Dieses ausführlich dargestellte Beispiel zeigt auch mein Verständnis von Educational Technology: Es handelt sich dabei nicht bloß um Autor/innen-Werkzeuge, die direkt für die Produktion von Bildungsmaterialien bzw. für die Entwicklung von eLearning-Szenarien genutzt werden können, sondern ich zähle darunter auch Technologie bzw. Software, die inkrementelles Lernen durch eigenständige Anwendung ermöglicht.
Gleichzeitig wird im obigen Beispiel auch meine didaktische Sichtweise demonstriert: Statt die Funktion eines Werkzeuges abstrakt einzuüben (z.B. indem die Benutzeroberfläche erläutert wird), findet im einem projektierten bzw. praxisorientierten Zugang der Lernprozess im Kontext eines (neuen) Arbeitsprozesses statt. Damit wird nicht nur die Vielzahl möglicher Tastenkombinationen – und damit die sog. „cognitive load“ (Sweller, Ayres und Kalyuga 2011) – eingeschränkt, sondern auch ein unmittelbarer motivierender Bezug zur Arbeitsaufgabe hergestellt.
4 Antworten auf „Digitalisierung von Forschungsprozessen“
Ich kann diesen Ansatz nur unterstützen. Ich komme aus dem Bereich der Ingenieurwissenschaften und setze deshalb nicht auf R, sondern eher auf Python (oder MATLAB) zur Datenanalyse und auf LaTeX zum Schreiben der Dokumente, wobei man mit entsprechenden Paketen wie pgfplots auch direkt die Rohdaten der Diagramme (als Textdatei) aus Python/MATLAB übernehmen und in LaTeX visualisieren kann.
Ich veröffentliche auch seit Jahren zu meinen Papern die entsprechenden Rohdaten der Messungen, die kompletten, direkt lauffähigen und gut kommentierten Auswertungsskripte in Python/MATLAB, die Quelltexte der Dokumente und Präsentationen etc. Die Rückmeldung dazu ist aber eher ernüchternd.
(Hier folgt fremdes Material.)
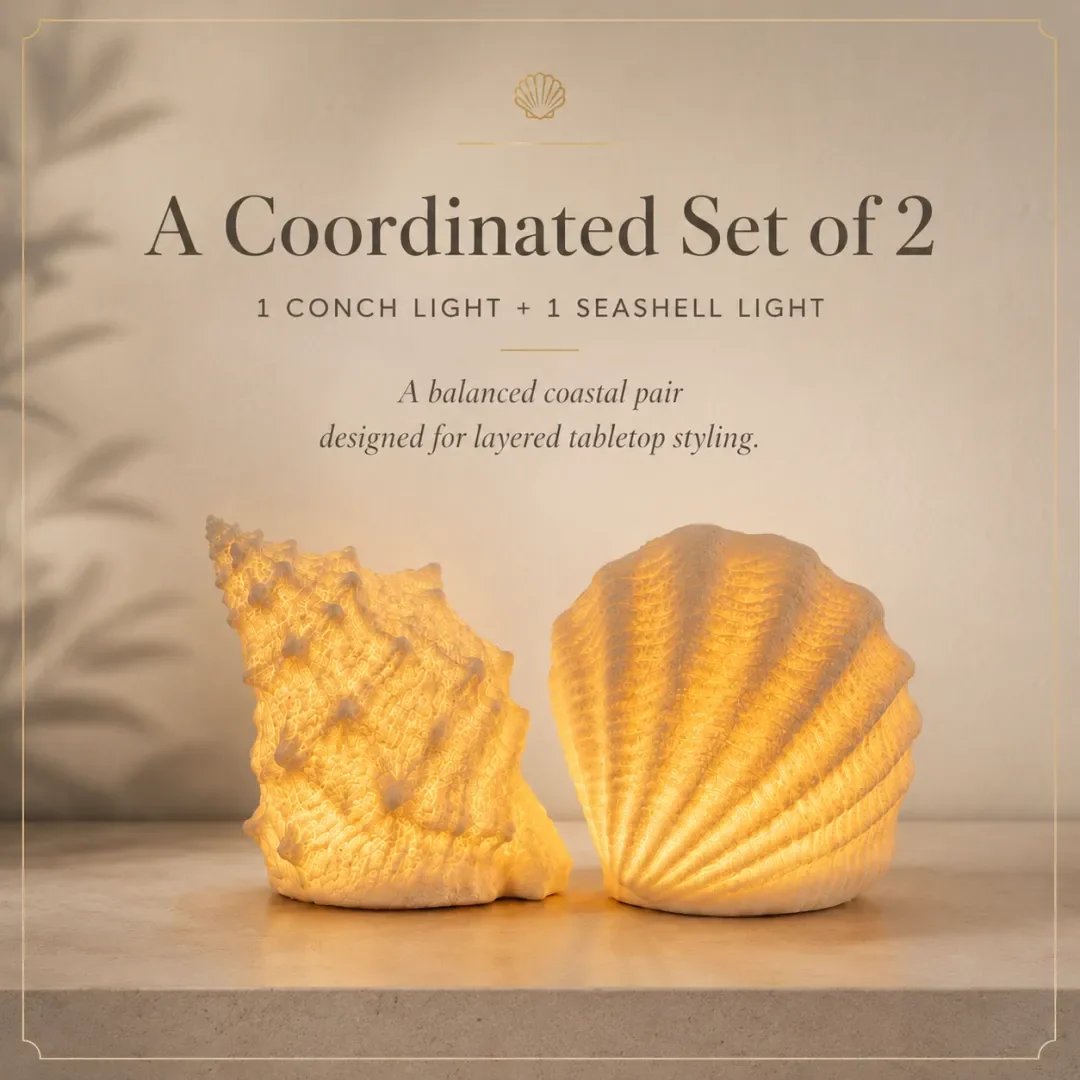 🐚 Cordless Shell & Conch Ambient Light Set – Coastal Glow Decor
Auf etwa 10 Veröffentlichungen gibt es im Schnitt mal eine Anfrage oder tatsächliche Nachnutzung der Daten von anderen Wissenschaftlern.
Diesbezüglich muss sich in unserer Wissenschaftskultur also noch ein bisschen was ändern, so dass das „Rad nicht immer neu erfunden“, sondern das (schon vorhandene, „erforschte“ oder „gemessene“) Rad mal lieber noch etwas „runder“ gemacht wird.
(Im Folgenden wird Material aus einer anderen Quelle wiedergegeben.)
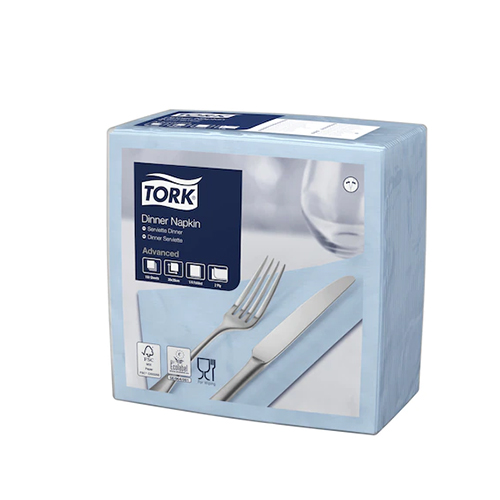Servetele de masa Dinner 2 straturi 39 x 39 cm, Tork, alb albastru 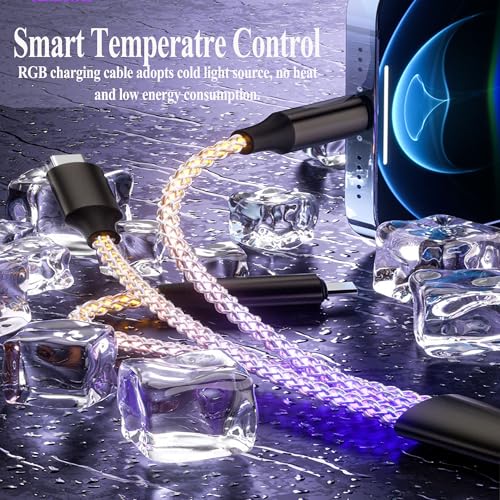 USB C to Type C LED Light Up RGB USB C Charging Cable,Fast Charging Cord for i-Phone 15 Pro Max Plus, iPad mini Pro Air and Galaxy Note Pixel etc(66W 3FT) – Enhanced Compatibility and Speed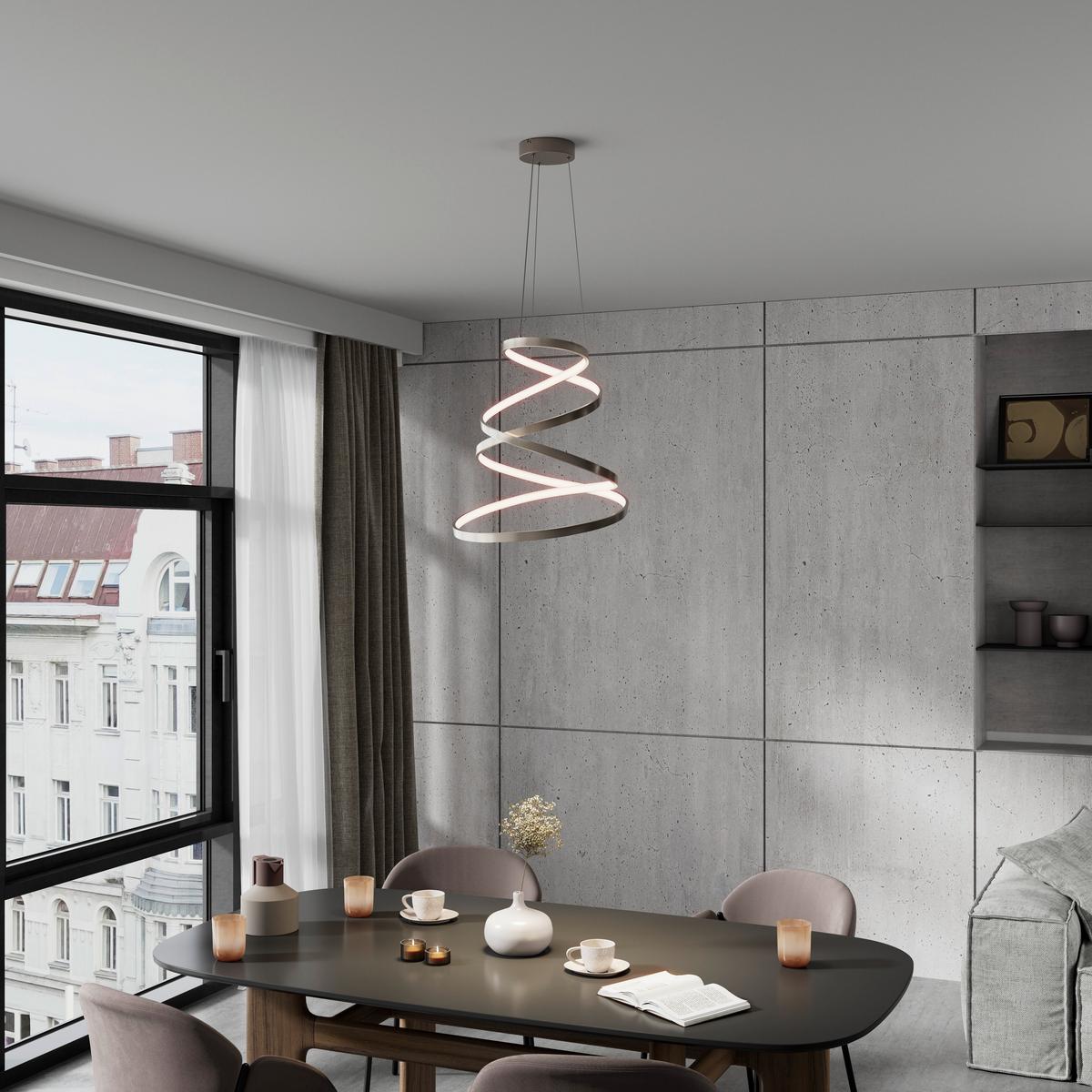 LED-HÄNGELEUCHTE CHANTAL - Champagner, Basics, Kunststoff/Metall (50/120cm) - Luca Bessoni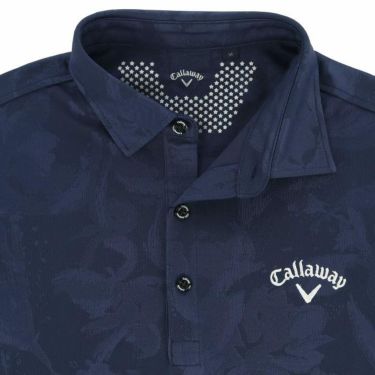 キャロウェイ Callaway　メンズ ロゴ刺繍 総柄 フラワージャガード 半袖 ポロシャツ C24134117　2024年モデル 詳細4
Danke für Ihren ausführlichen Kommentar und der Beschreibung Ihrer Erfahrungen. Ja, ich habe bereits vermutet, dass noch recht wenig auf Quelldokumente und/oder Originaldaten zurückgegriffen wird. Umso eher sollte man/frau diesen Ansatz weiter propagieren.
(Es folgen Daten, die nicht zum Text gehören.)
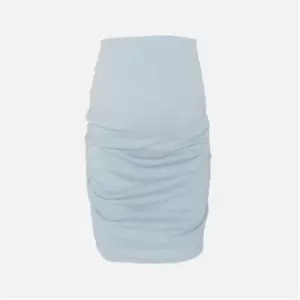 Image of Missguided Rib Ruched Maternity Midi Skirt - Blue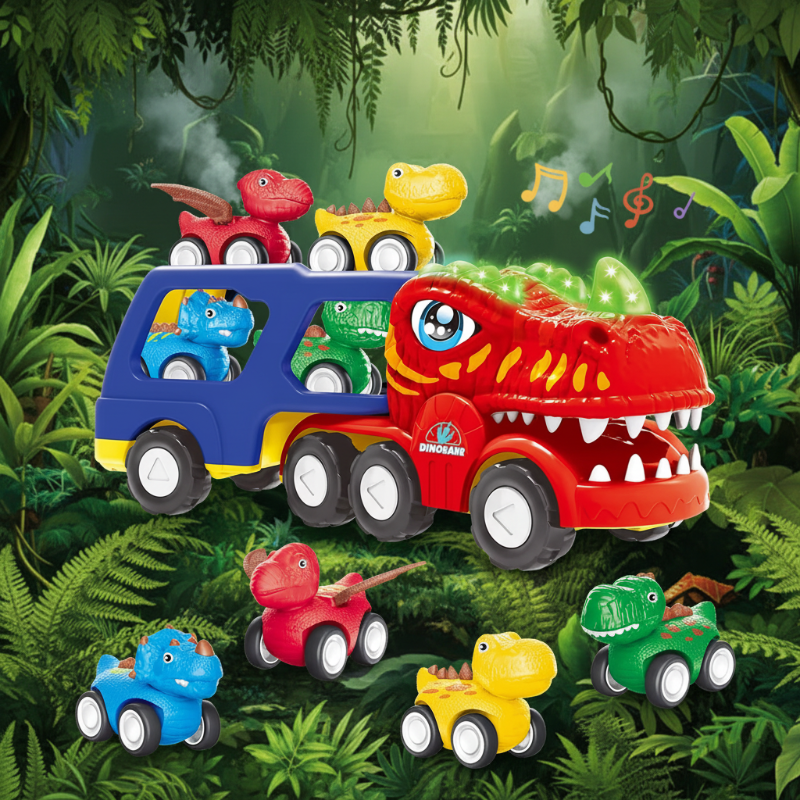 5-in-1 Dinosaurus Vrachtwagen Speelset – Transporttruck met Licht, Geluid & Mini Dino's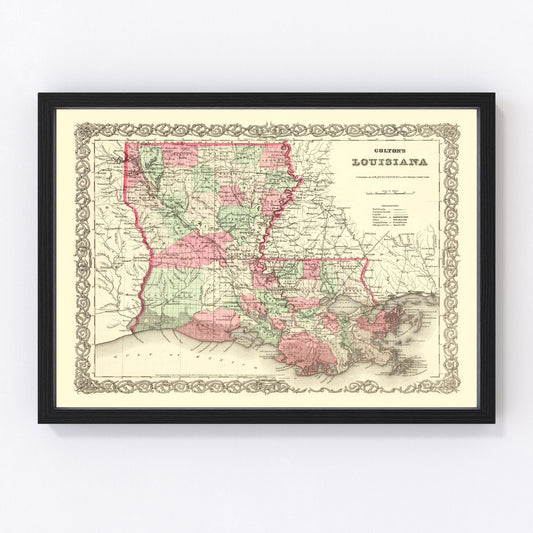 Vintage Map of Louisiana 1871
Mir ist bewusst, dass neben R vor allem Python die zweite echte Alternative für Data Science ist. Ich habe mich aber vorerst mal für R entschieden – ja selbst schon eine eigene Welt, in die einzuarbeiten viel Zeit kostet. Aber vielleicht können wir unsere Erfahrungen in Zukunft weiter austauschen?
Ich habe dazu folgende konkrete – bisher noch nicht ausgearbeitete – Idee: Ich würde gerne viele Aspekte von „Reproducible Research“ weiter ausarbeiten und publizieren. Einerseits ist das aber – weil es bereits extrem viele Initiativen und Softwarepakete gibt – ein riesiges Unterfagen, das kaum alleine zu bewältigen ist. Andererseits habe ich das Gefühl, dass ein „traditionelles“ Buch dem Umfang und der Dynamik der Entwicklung nicht gerecht werden kann. Ich bin daher am Nachdenken, ob nicht eine kooperative Initiative über eine aufzubauende Internetplattform, eine (ergänzende oder alternative) Möglichkeit wäre. Was meinen Sie?
Ich finde das eine gute Idee, bin aber gerade dabei eine Habilitation zu schreiben und habe deshalb leider keine Zeit.
Danke für Ihre Rückmeldung. Keine Angst, ich wollte Ihnen da nicht unbedingt gleich Arbeit und Verantwortung aufladen. Habe mich einfach über die erste Rückmeldung eines Gleichgesinnten gefreut! Vielleicht geht sich aber trotzdem ab und zu ein Kommentar aus? Wünsche Ihnen auf jeden Fall viel Zeit, Kraft und Kreativität für Ihre Dissertation!